Install dev tools and enable pre-commit hooks (Ruff lint + format, YAML/TOML checks, whitespace):
pip install '.[dev]'
pre-commit installRun on all tracked files once: pre-commit run --all-files. Hooks use the Ruff settings in pyproject.toml.
Maintenance — LAM is supported on a best-effort basis. There is no service-level agreement and response times will vary.
Where to ask — Use GitHub Issues on this repository for bug reports and feature requests (issue templates help triage). Use GitHub Discussions for questions, how-tos, and broader design or integration topics when Discussions are enabled here; if they are not enabled yet, opening an Issue for a question is fine.
Help wanted — The maintainer is actively looking for community members who want to share ownership: reviews, documentation, issue triage, and steering the roadmap. If you rely on LAM and want to co-maintain, say so in a Discussion, Issue, or PR thread.
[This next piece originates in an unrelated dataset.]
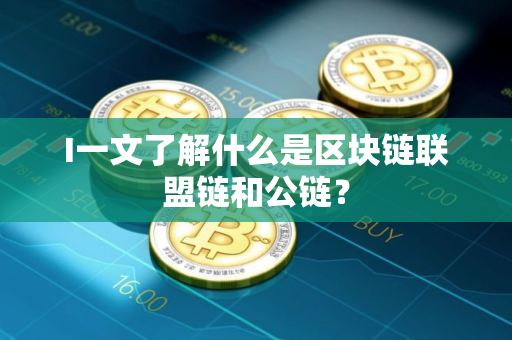 I一文了解什么是区块链联盟链和公链？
Why this repo — LAM is an independent packaging aimed at geospatial tiling, HTTP serving, and day-to-day integration on top of the SAM 3–class image model. One reason it exists is limited ongoing development in Meta’s upstream facebookresearch/sam3 repository for those downstream concerns; LAM is meant to move them forward with the community. Point [project.urls] in pyproject.toml at this repo when you publish so PyPI and GitHub show the right home.
Model and code are subject to the SAM License in LICENSE (Meta). Review the agreement before use or redistribution.
LAM builds on research and open releases from the Segment Anything / SAM family. Weights and architecture align with publicly released SAM 3 image checkpoints (for example on Hugging Face); this repository is an independent packaging for geospatial and serving workflows.